I had the very same questions myself about 6 months ago and luckily, ran across some experienced guys who were able to guide me on this. I'll share what I did and what has worked for me.
Before I start with what worked for me, please know that one does NOT need the latest greatest, high speed PDA to run Exbal. That being said, I would personally avoid the Palm products because they are a dying technology. One thing going for Palm stuff is that you can power them with AA batteries. The military recently bought thousands of used Palm devices and refurbished them for field use because they use AA batteries. Horus Vision aggressively markets their ATRAG software which only successfully works on Palm but even Mr. Sammut (the President of Horus Vision) admits that Palm is a dying technology and that they are trying to get ATRAG to work on Windows-based PDA's. (That's another long story...) With Windows-based PDA's, you get a color screen and a technology that will work well into the future. If somebody else comes up with new and improved ballistics software, it will be Windows-based PDA stuff and not Palm. The only downside to non-Palm is that you will have to recharge the battery. However, this is not really a problem since you will probably use it for hunting or shooting instead of everyday computing. Once you get everything saved and set in your PDA, you can fully charge the batteries and turn the unit off until you get to your FFP. (Final Firing Point) (They actually never truly turn off so I make sure to charge mine up every few days.) If you do go with a Windows-based PDA, you will have plenty of battery power for hunting. Still, this is a personal choice for the end user. Now onto what I did and works for me personally...

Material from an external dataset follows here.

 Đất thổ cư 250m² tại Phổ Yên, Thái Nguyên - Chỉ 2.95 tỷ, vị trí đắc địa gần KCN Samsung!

First: After looking at several other guys' PDA setups, I located a used HP iPAQ PDA on eBay and won the auction. I read all the online reviews I could about the various iPAQ's and their capabilities before bidding. The one I got is a lower end version that does not offer all the perks/abilities of the $400 jobs. Still, it's color, it will run Exbal, and it still has all of the other cool stuff that PDA's offer such as calendars, scheduling, Word, synchronizing with my Outlook, etc. It cost me $100 to get the PDA, some software, and cables for power and synchronizing w/ my desktop. Not a bad deal.
Second: I installed Exbal on my new iPAQ and learned how to use it. Then I realized that my PDA was vulnerable to dust, gravel, being dropped, and water. How was I supposed to take a PDA into the mountains? Sure it works great on a clean range but what about hard field use? Luckily, another friend of mine turned me onto Otterbox products.
THIRD: I bought an Otterbox protective case for the PDA. It is literally an armored, rubberized case that you can put your PDA into. Here is a photo of my cheap PDA in the Otterbox case:
Again, instead of buying brand new from the factory, I went to eBay and found a new one for approximately $80. With an Otterbox, you don't have to worry about dropping your PDA. It has a hard, protective cover over the front of the PDA that you can raise and still use your stylus on the face of the PDA.
There is a clear plastic "membrane" over the front of the PDA which keeps it waterproof. So in effect, there are two layers of protection over the front of your PDA: One hard, and one soft.
The Otterbox provides shock/drop protection for your PDA as well as waterproofing it. Now, I can literally punt my PDA in the middle of a downpour and still use it. There are several different models to choose from. You can see their products for PDA's here: Otterbox PDA Cases
FOURTH: I realized there was still a possiblity that I might run the batteries down and lose all of my information on the PDA. This is unlikely as a fully charged PDA will run for many hours before dying. However, it's still a risk. As a fix for this, I bought a memory card online for about $20. Now, all of my rifles/loads are saved on the memory card which stays inside the PDA at all times. In the event that I do lose everything due to battery failure, all I have to do is recharge the PDA at camp with either a generator or the pickup's power and I can immediately get all of my ballistic information back for the hunt in the morning or that evening.
There are military and police snipers who have much more sophisticated setups than mine complete with direct inputs for wind meters, weather, GPS, etc. However, the "rig" described above will work great on a dusty range or for mountain hunting in the rain or snow. Hope this helps you with your decision. Good luck.